_Records shown_:
******************************
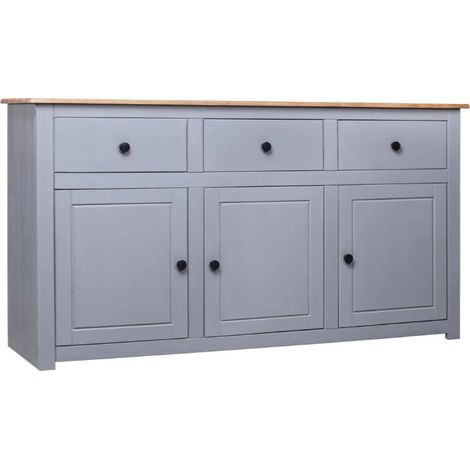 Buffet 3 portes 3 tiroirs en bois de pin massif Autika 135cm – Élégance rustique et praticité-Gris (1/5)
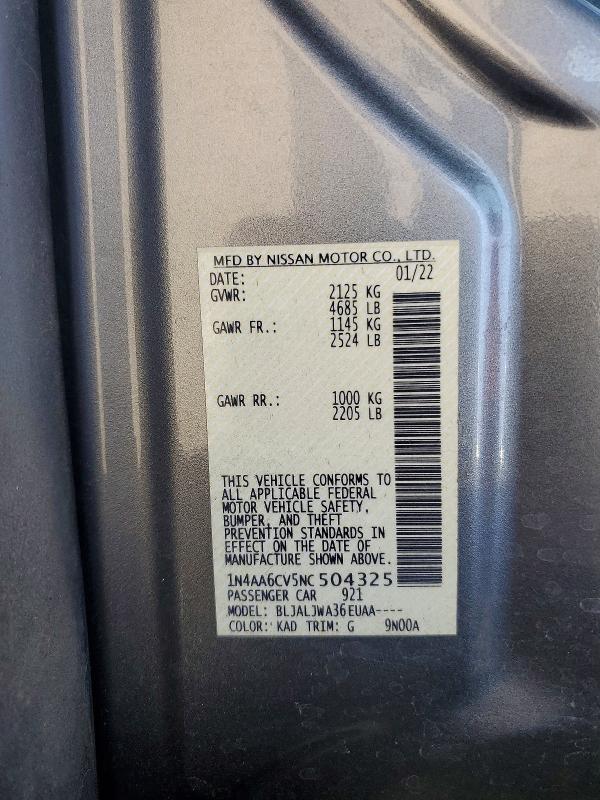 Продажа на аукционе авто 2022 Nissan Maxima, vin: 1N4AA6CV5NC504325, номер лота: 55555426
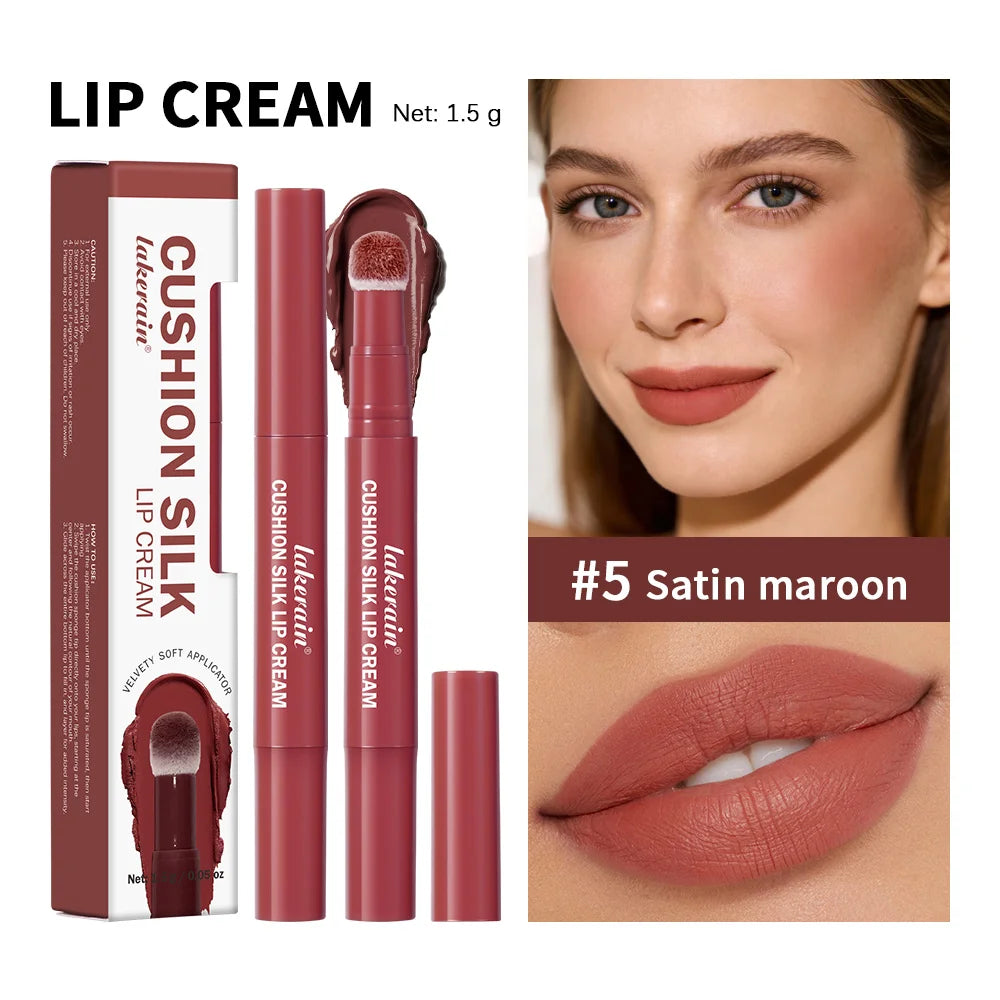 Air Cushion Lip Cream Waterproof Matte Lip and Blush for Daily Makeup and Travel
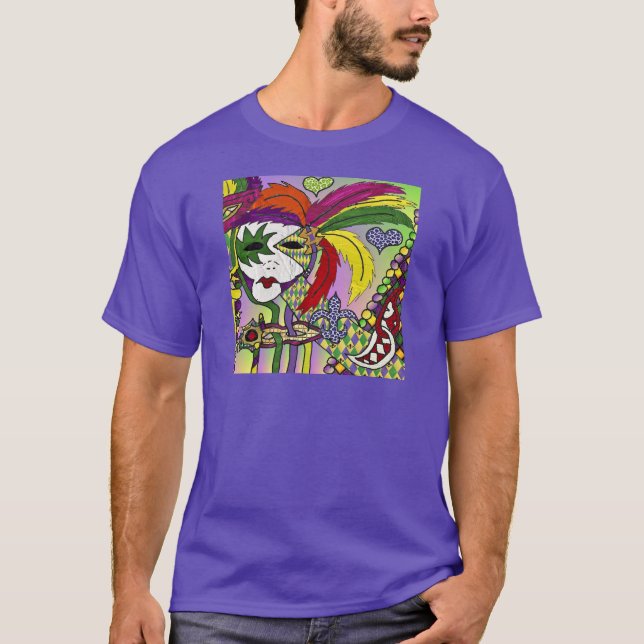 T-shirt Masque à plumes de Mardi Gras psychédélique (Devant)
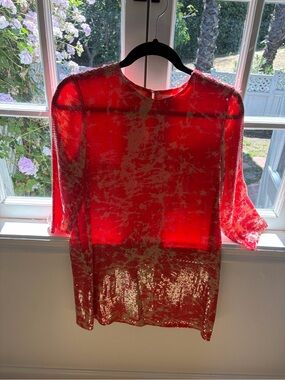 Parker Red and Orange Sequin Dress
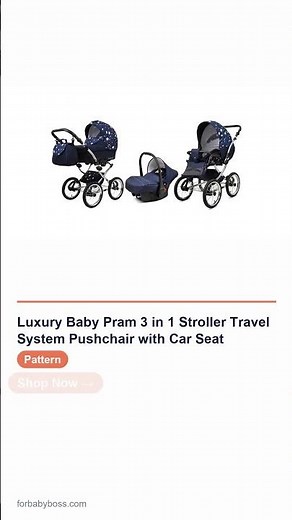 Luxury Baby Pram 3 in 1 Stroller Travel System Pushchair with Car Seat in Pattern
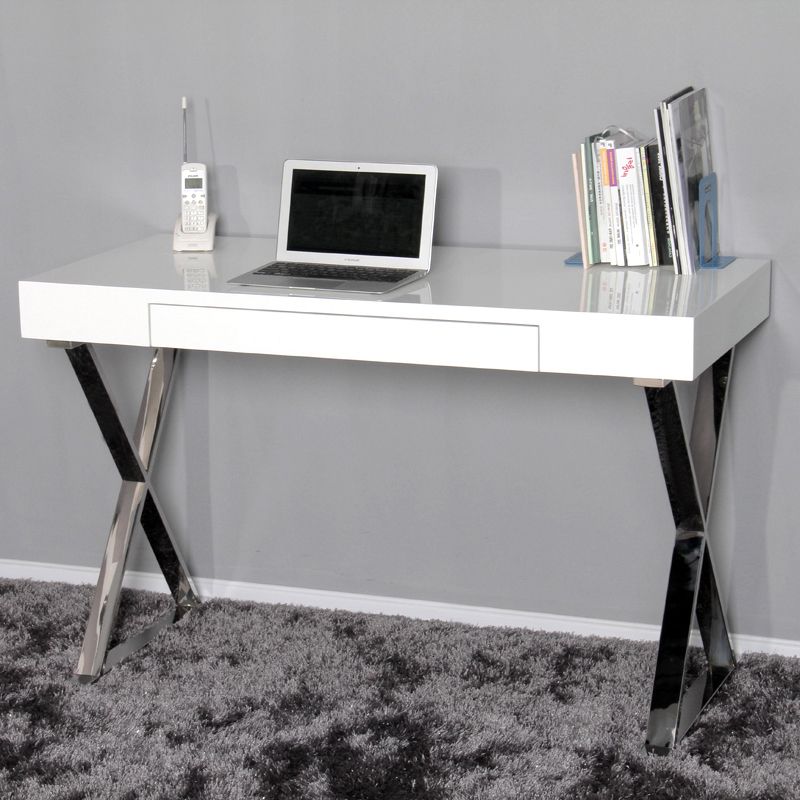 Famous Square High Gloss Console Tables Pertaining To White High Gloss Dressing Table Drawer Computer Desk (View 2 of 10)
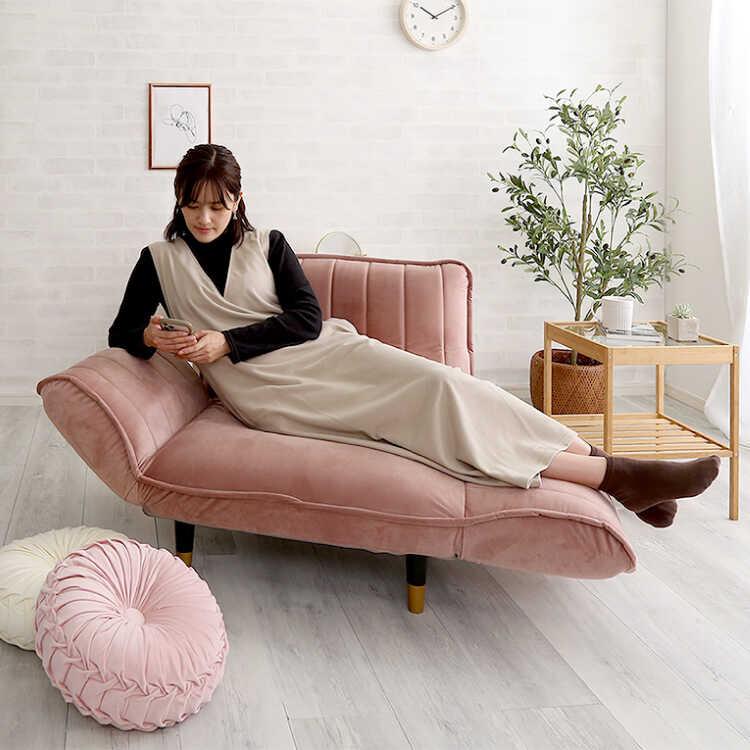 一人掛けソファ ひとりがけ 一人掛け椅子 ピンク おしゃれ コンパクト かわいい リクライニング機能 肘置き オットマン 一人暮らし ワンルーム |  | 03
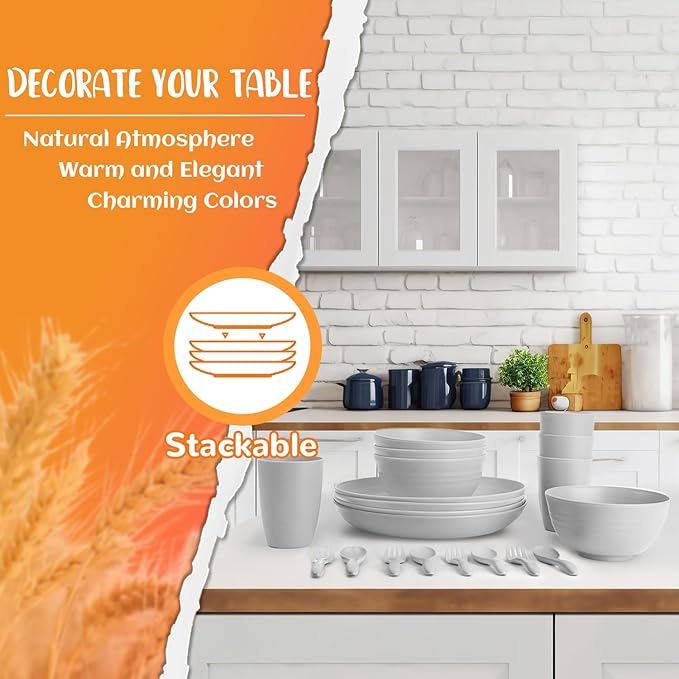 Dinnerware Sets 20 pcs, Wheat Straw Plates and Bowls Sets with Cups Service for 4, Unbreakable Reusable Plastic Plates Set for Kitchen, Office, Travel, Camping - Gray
******************************
Omit the pictures, then retype the remaining material without a single change.

_Response box_:
 Buffet 3 portes 3 tiroirs en bois de pin massif Autika 135cm – Élégance rustique et praticité-Gris (1/5)
 Продажа на аукционе авто 2022 Nissan Maxima, vin: 1N4AA6CV5NC504325, номер лота: 55555426
 Air Cushion Lip Cream Waterproof Matte Lip and Blush for Daily Makeup and Travel
 T-shirt Masque à plumes de Mardi Gras psychédélique (Devant)
 Parker Red and Orange Sequin Dress
 Luxury Baby Pram 3 in 1 Stroller Travel System Pushchair with Car Seat in Pattern
 Famous Square High Gloss Console Tables Pertaining To White High Gloss Dressing Table Drawer Computer Desk (View 2 of 10)
 一人掛けソファ ひとりがけ 一人掛け椅子 ピンク おしゃれ コンパクト かわいい リクライニング機能 肘置き オットマン 一人暮らし ワンルーム |  | 03
 Dinnerware Sets 20 pcs, Wheat Straw Plates and Bowls Sets with Cups Service for 4, Unbreakable Reusable Plastic Plates Set for Kitchen, Office, Travel, Camping - Gray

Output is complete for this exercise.